Tomorrow I plan to make the BIG CUT. I am a novice, so if anyone sees glaring errors in my thinking, I'd appreciate the input. 

There is full support at the front that will remain. I will see what's at the back, and insert a support to the top if needed. Also I will support the bottom. After all my supports are verified/in place, I will cut the whole end off using a circular saw and hand saw as necessary. I suspect that after the top is cut I will have to dismantle some pieces as I go along.

At this point, I plan on keeping the pine top for the finished product. I have the original sealing products, so when all is said and done I want find out what kind of waterproof sealant I can put on the top at least that won't react with the existing products.

I may have to cut a bit off the right hand side of just the top. It extends about 1 1/2" past the main structure. It may be just that much too long, but I'll try it first without cutting that off, as that would involve some edge work that I'm not sure I can do.

I may use some chunks off of the cut off end to make wall plates along the back and left side. Depends on the fit of the sink. I also plan to hide some extra height needed with similar trim plates from original materials on the bottom front and right side.

If I just manage to get basically cut to length this weekend, I'll be happy. Too many other jobs to do as well; I just want to get this into my basement and out of the cold for now.


----------



## jw2170 (Jan 24, 2008)

Good luck, MrsO,

Lets us know how it turns out.


----------



## MrsOkee (Nov 16, 2010)

*Productive day!*

Things went just awesome today. I ended up doing a bit of a tear down and ended up with this as the base frame:







I cut off the left side and changed the edging. Now I have this:







Next part of the project is to make the cutout for the sink and plumbing, then french the doors. Hopefully next weekend.

So far, so good. I'm very happy with the results so far.


----------



## jw2170 (Jan 24, 2008)

MrsOkee said:


> Things went just awesome today. I ended up doing a bit of a tear down and ended up with this as the base frame:
> View attachment 39440
> 
> I cut off the left side and changed the edging. Now I have this:
> ...


_I'm very happy with the results so far_

That is always a good result for a days fun.


----------



## CanuckGal (Nov 26, 2008)

That's a great project. Looks like you are well on your way!


----------



## xplorx4 (Dec 1, 2008)

Well done, keep up the good work.


----------



## MrsOkee (Nov 16, 2010)

*Project Update*

OK, so FINALLY I got the "vanity" installed. However, I still have to put the doors back on. I am going to start another thread about that, but for anyone that's interested here is how the installed version looks so far. I'm quite pleased. It's a HUGE improvement over what we had before.


----------



## bobj3 (Jan 17, 2006)

Hi


That did turn out well . nice job.. 

===




MrsOkee said:


> OK, so FINALLY I got the "vanity" installed. However, I still have to put the doors back on. I am going to start another thread about that, but for anyone that's interested here is how the installed version looks so far. I'm quite pleased. It's a HUGE improvement over what we had before.


----------



## CanuckGal (Nov 26, 2008)

That's fabulous! Well done!


----------



## Dr.Zook (Sep 10, 2004)

Excellent work Mrs.O.


----------



## MrsOkee (Nov 16, 2010)

* thanks*

Thanks all for the compliments. After a week I am still impressed every time I walk in the bathroom. Too cool.

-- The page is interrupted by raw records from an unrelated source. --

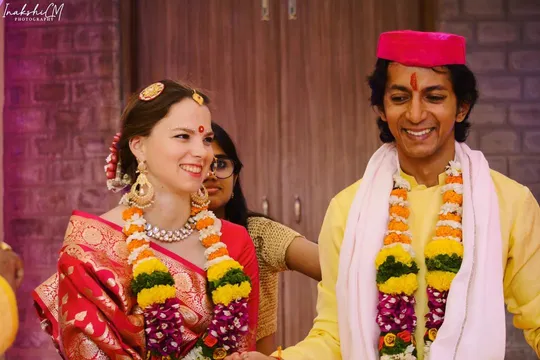 अभिनेता Anshuman Jha ने की चार बार शादी की जिसमें पारंपरिक भारतीय वैदिक मैथिली विवाह भी शामिल है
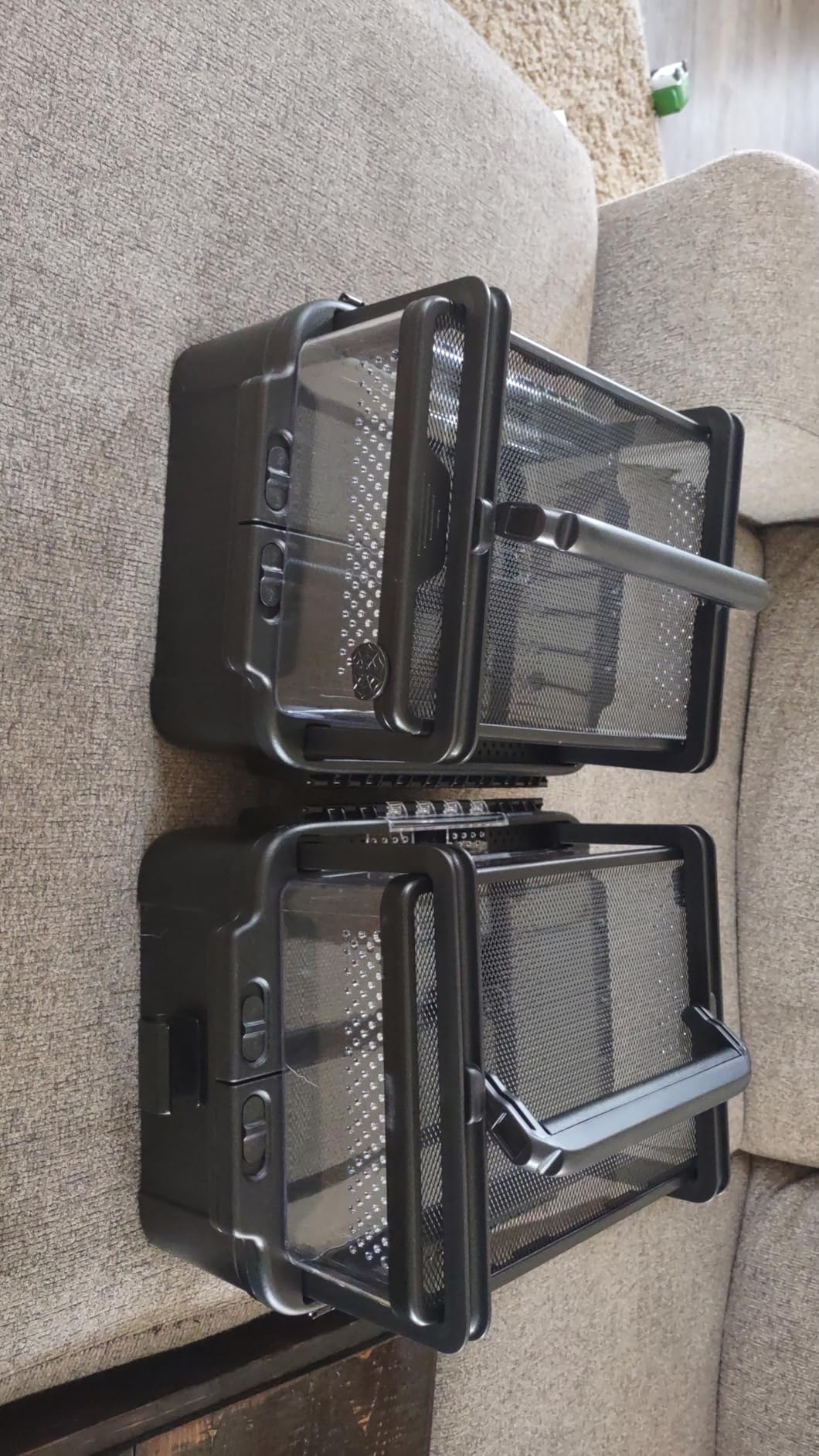 HELIME Reptile Tank 7 Piece Starter Kit with Escape Proof Locking Lid Small customer photo 1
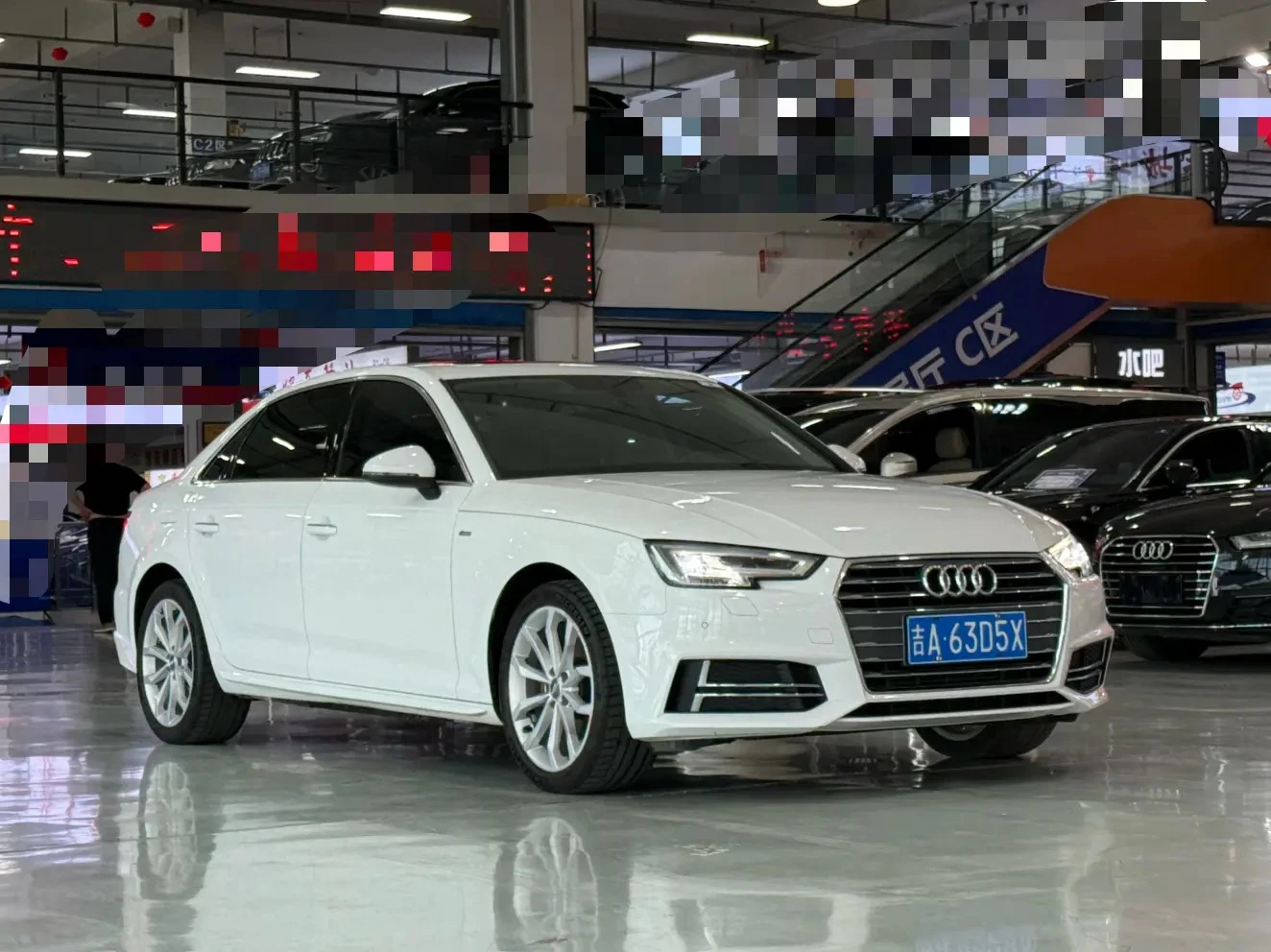 Audi A4L 40 TFSI 30th Anniversary Edition 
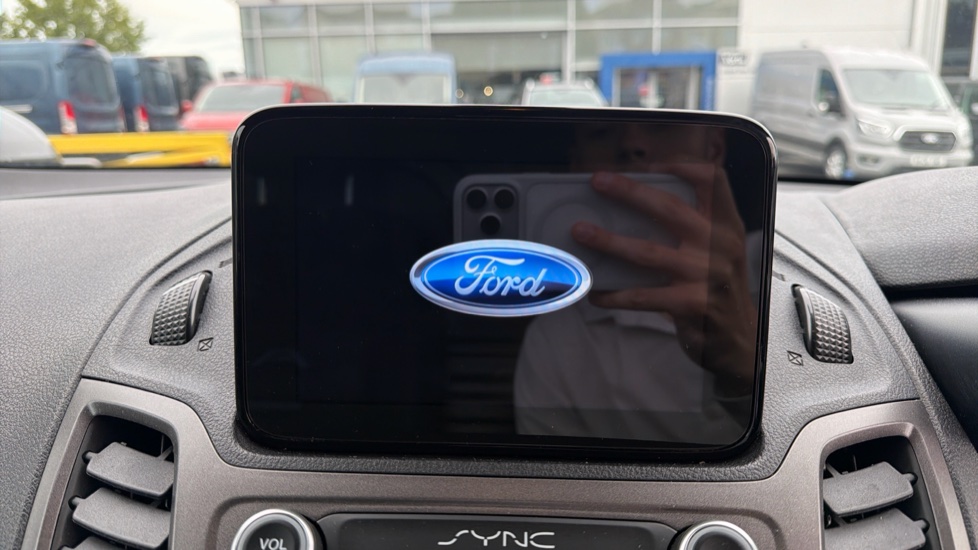 Ford Transit Connect 250 L2 Diesel 1.5 EcoBlue 100ps Active Van - Image 9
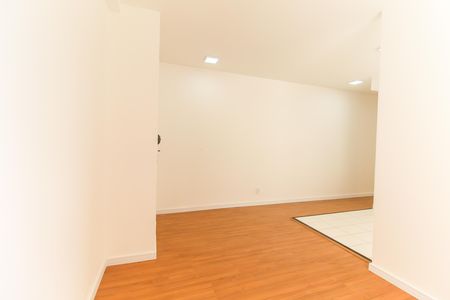 Sala de apartamento à venda com 2 quartos, 48m² em Jardim Helian, São Paulo
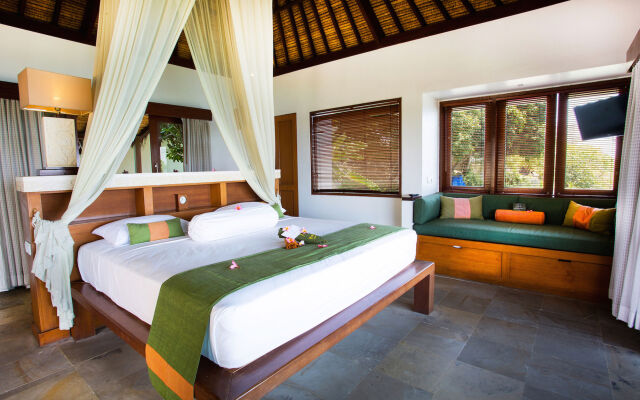 Batu Karang Lembongan Resort & Spa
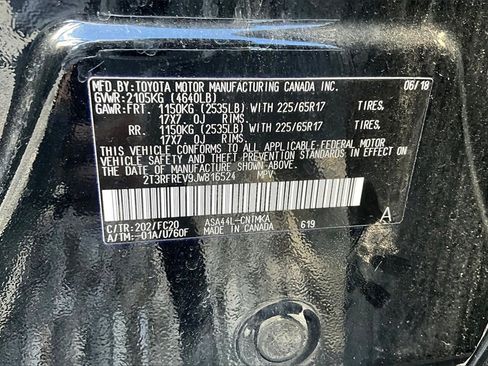 Used 2018 Toyota RAV4 XLE image 29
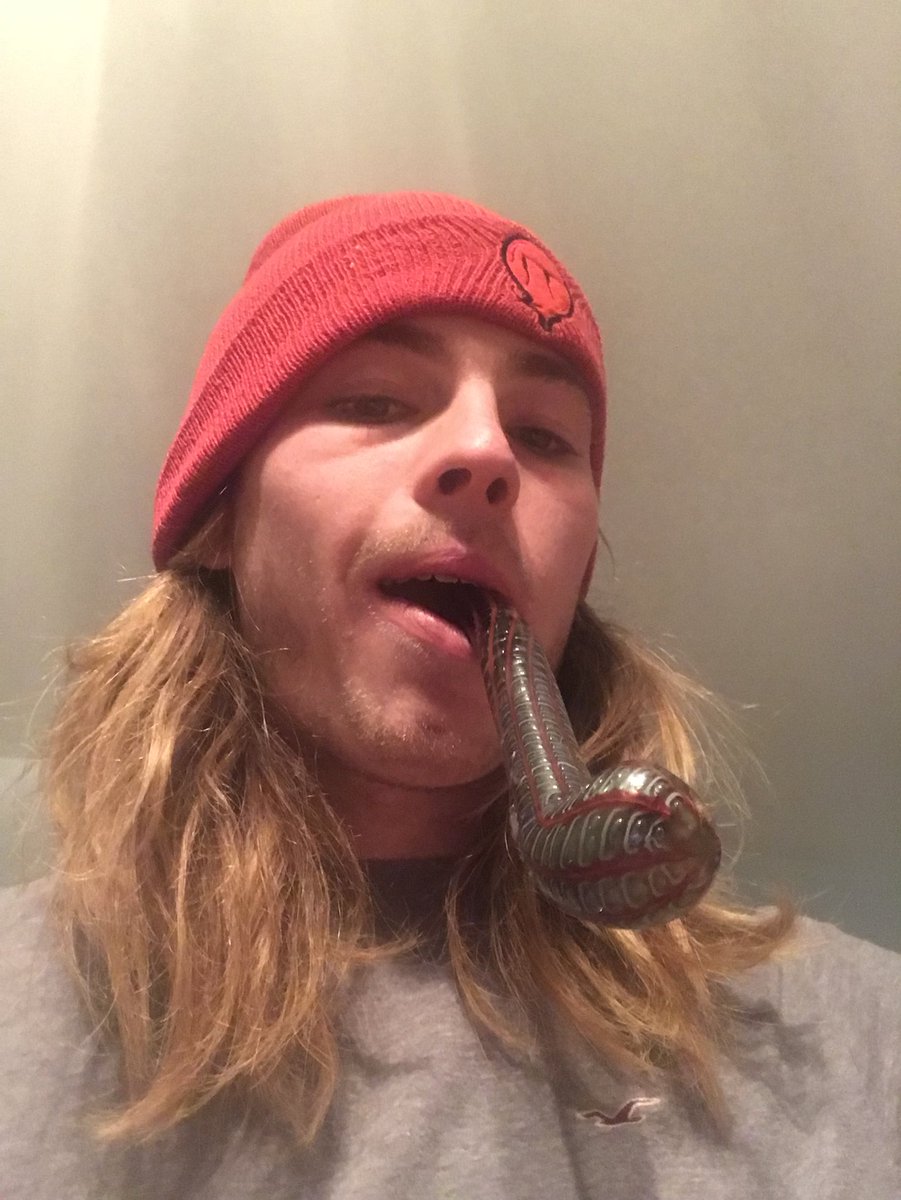 FPlanner01's tweet photo. Feelin’ like Mr.Holmes with my new pipe. Looking all sophisticated n shit #NewPipeWhoDis #NewPipe #maryJane https://t.co/xvIKWJpfLF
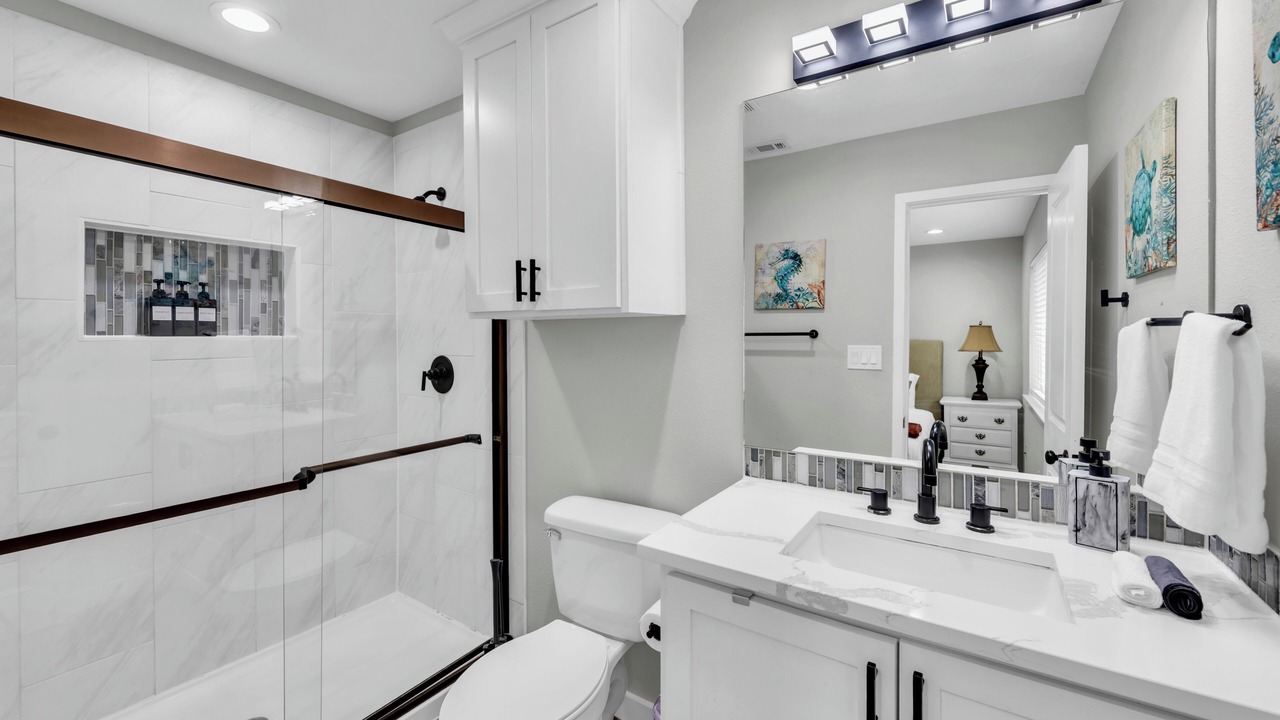 Photo of Bathroom in Allen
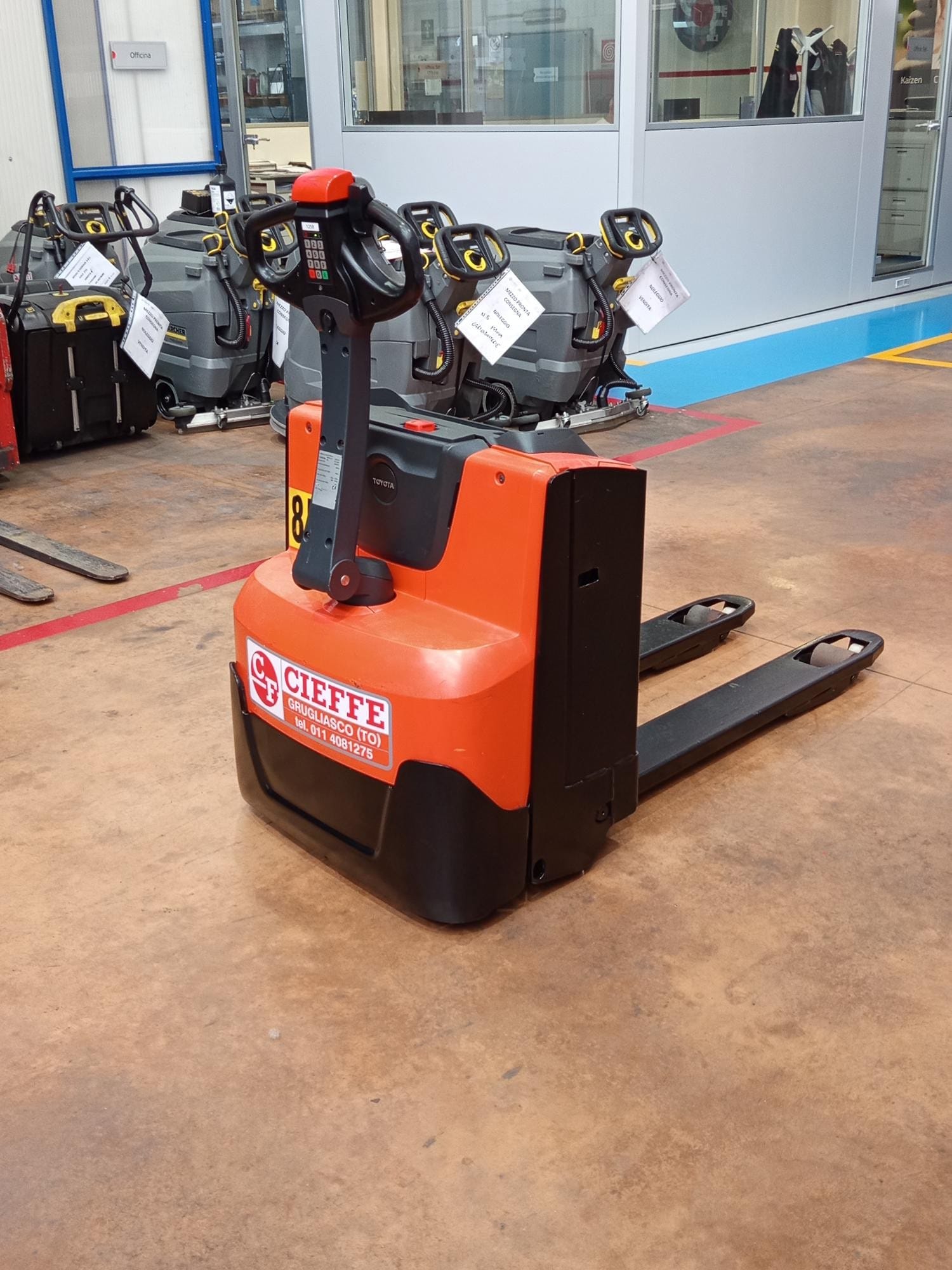 TRANSPALLET ELETTRICO BT LWE 160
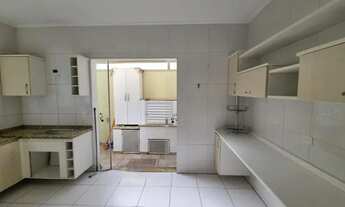 Imagem 4: Casa para aluguel e venda com 99 metros quadrados com 3 dormitórios sendo uma suíte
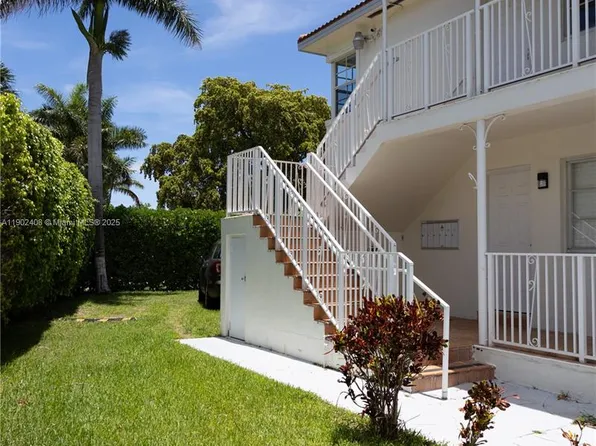 2200 Calais Dr APT 2, Miami Beach, FL 33141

Now for the doors. Does anyone have any ideas to help? Please see my thread here: making-french-doors


----------



## bobj3 (Jan 17, 2006)

Hi

I have been running that one in my head for a day, it's not going to be a easy fix 
I would make a new door frames and use the door wood you have for that..you have the face frame to hand the doors in place with the pocket hole hinges..

But I said how about using a door spring to hold the curtains up , the look of the old farm house to go with the pine cabinet and walls..

====== 



MrsOkee said:


> Thanks all for the compliments. After a week I am still impressed every time I walk in the bathroom. Too cool.
> 
> Now for the doors. Does anyone have any ideas to help? Please see my thread here: making-french-doors


----------



## MrsOkee (Nov 16, 2010)

Thanks, Bob. Please see the other thread for my reponse to the door thing.


----------